This repository contains multiple examples of proof-of-concept (PoC) attacks against AI systems, demonstrating various security vulnerabilities in machine learning models. These examples aim to provide a better understanding of potential risks and help researchers and developers build more secure AI systems.
- Model Stealing Attack on Sentiment Analysis Model
- Adversarial Attack on Image Classifier
- Membership Inference Attack on ML Models
- Model Inversion Attack on ML Models
- Data Poisoning Attack on ML Models
- Python 3.6 or higher
- TensorFlow 2.x
- PyTorch
- NumPy
- scikit-learn
- foolbox
- matplotlib
To install the required libraries, run the following command:
pip install tensorflow numpy scikit-learn foolbox matplotlib torch torchvision
Usage Clone this repository to your local machine. Install the required libraries as mentioned above. Navigate to the desired example folder and follow the instructions in the corresponding README.md file to run the attack.
- Model Stealing Attack on Sentiment Analysis Model This example demonstrates a model stealing attack on a simple sentiment analysis model using the IMDb movie review dataset. The attacker queries the target model and trains a replica based on its responses.
- Adversarial Attack on Image Classifier This example shows an adversarial attack on an image classifier using the Fast Gradient Sign Method (FGSM) to generate adversarial examples that can fool the model.
- Membership Inference Attack on ML Models This example demonstrates a membership inference attack on machine learning models, in which an attacker tries to determine if a given data point was part of the model's training dataset.

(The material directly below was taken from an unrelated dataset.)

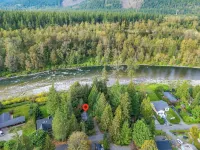 Idlyllic riverfront 2-bed cabin with hot-tub close to Stevens Pass and hiking - Chalets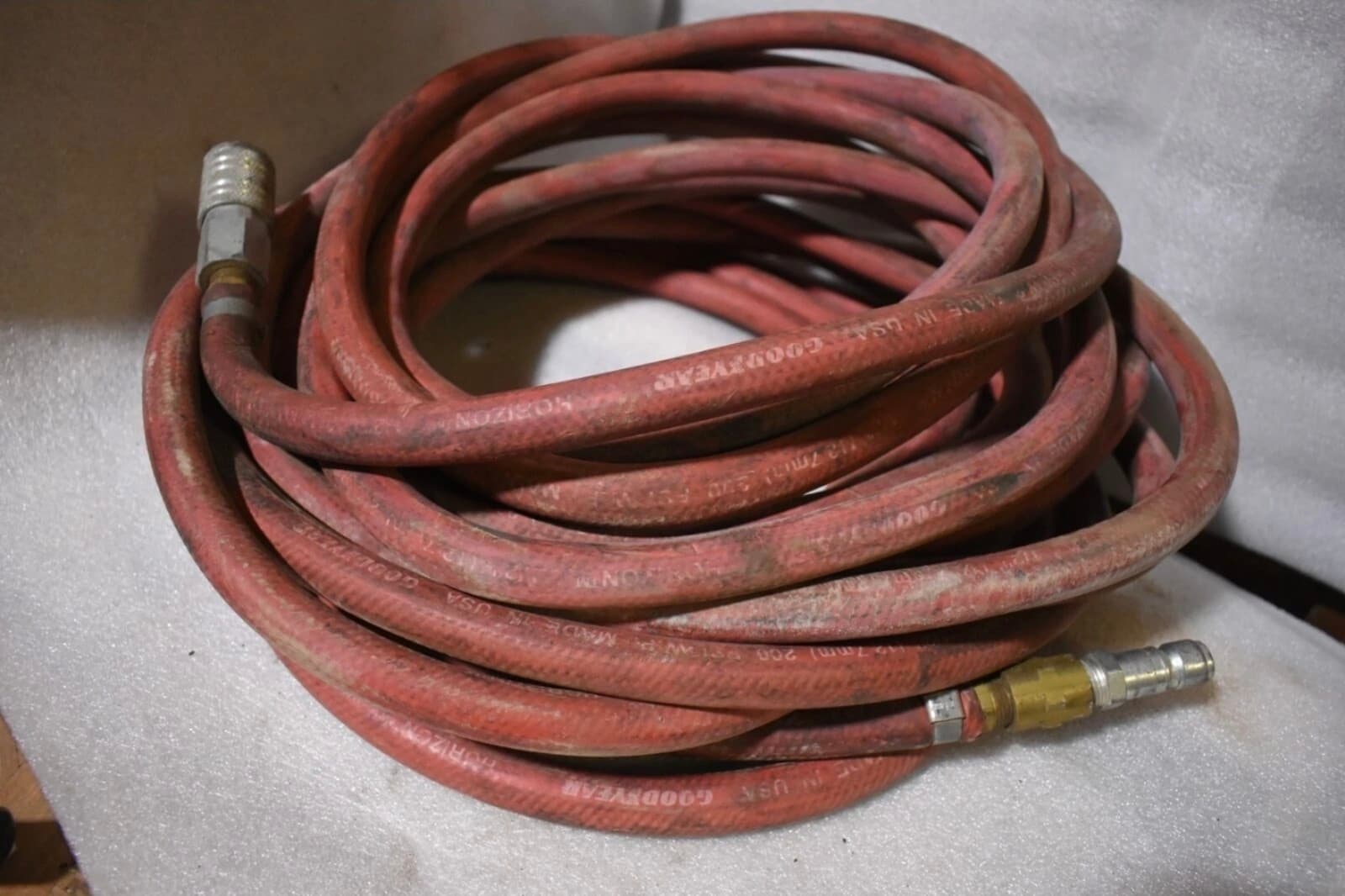 Goodyear Horizon Air Hose w/QD Couplings 1/2" Inside Diameter, 200 PSI, (50FT) - Image 1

- Model Inversion Attack on ML Models This example illustrates a model inversion attack, where an attacker attempts to reconstruct input data from a machine learning model's predictions or internal representations.
- Data Poisoning Attack on ML Models This example demonstrates a data poisoning attack on machine learning models, in which an attacker injects malicious data into the training dataset to compromise the model's performance or introduce specific vulnerabilities.